Modified Tangled With Fixed Token Positions
In an earlier post about Elo ratings, I noticed that very strong MCTS agents were getting a high percentage of draws against weak MCTS agents. I have an intuition that the reason for this is that regardless of how edges are selected on a game graph, what really matters is placing your token on the right vertex near the end of the game.
To see this, note that even if I play randomly up until the end of the game, all I need to do is evaluate the spin-spin correlation function for the game board at the end of the game and then place my token on the vertex with the highest influence. The only way this strategy fails is if my opponent already owns the highest influence vertex, but I think the best way to do that for the opponent is to do the exact same thing — play randomly until the endgame and then choose the best vertex.

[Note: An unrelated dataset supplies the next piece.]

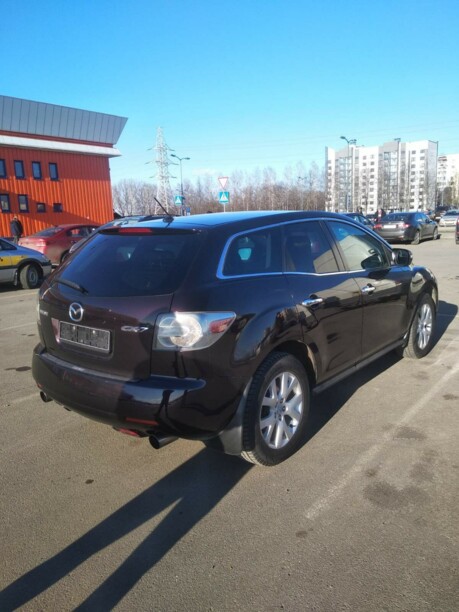 Mazda CX-7 I, 2007 г.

This is not what I want for the game! I would like what moves you make throughout the game to matter — like they do in chess and Go.

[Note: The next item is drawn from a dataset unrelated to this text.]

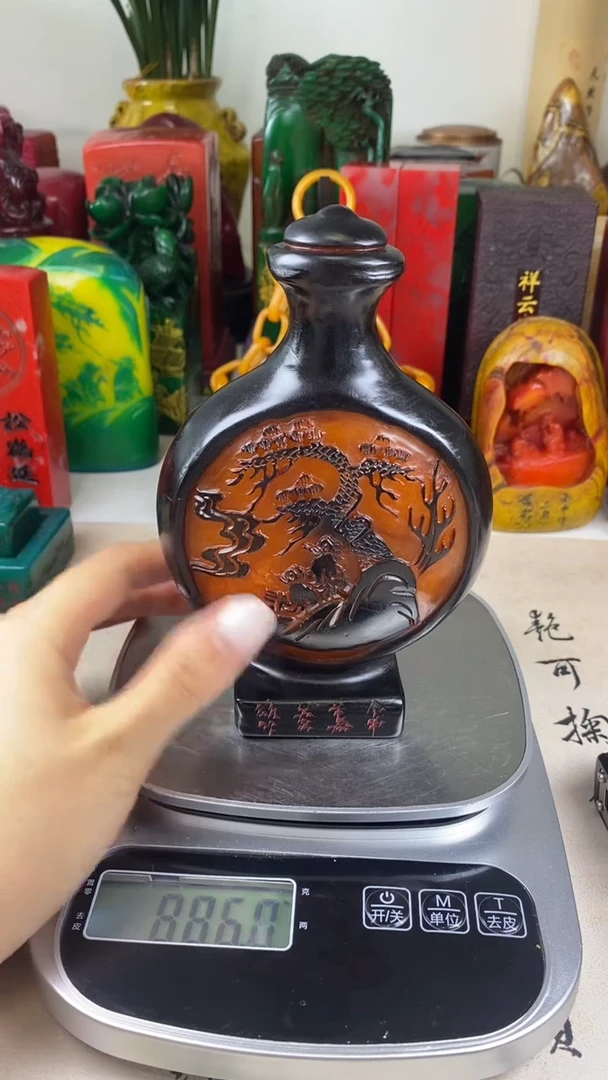 寿山石印石58寿山石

An idea I had was to modify the game to fix the token locations for the players, removing the freedom to choose where to place them. If we do this, then player actions are only edge coloring throughout the game, and intuitively it makes it more likely that action selections should matter throughout the game. Another possibility would be a hybrid where you could place your token anywhere, but only up to some point in the game (say halfway through). In this case you can’t just pick the best location at that point, as subsequent edge selections would presumably change things.

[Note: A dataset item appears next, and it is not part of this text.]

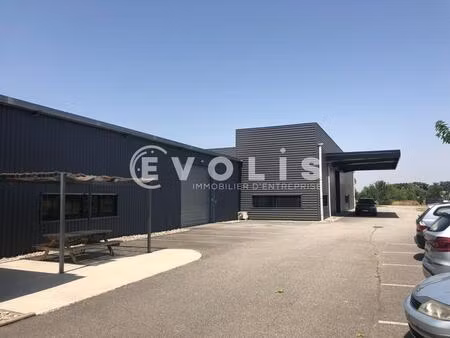 vente local d’activités pamiers 09100 2059m²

Let’s implement the simpler version with fixed token locations and see how it works.
Implementing The Fixed Token Variant
We don’t have to change much! I think there are only two changes we need to make.
The first is to ensure that the initial state of the game has two selected vertices. This requires that for any game board graph, we specify which two vertices are owned by which player.
The second is to ensure that game board symmetries are restricted to ones that preserve the fixed token locations.
That’s it! Oh and of course we need to decide which vertex is red’s and which is blue. Here are some of the small/tiny graphs I have been experimenting with, and which vertices I’ve chosen for the two players.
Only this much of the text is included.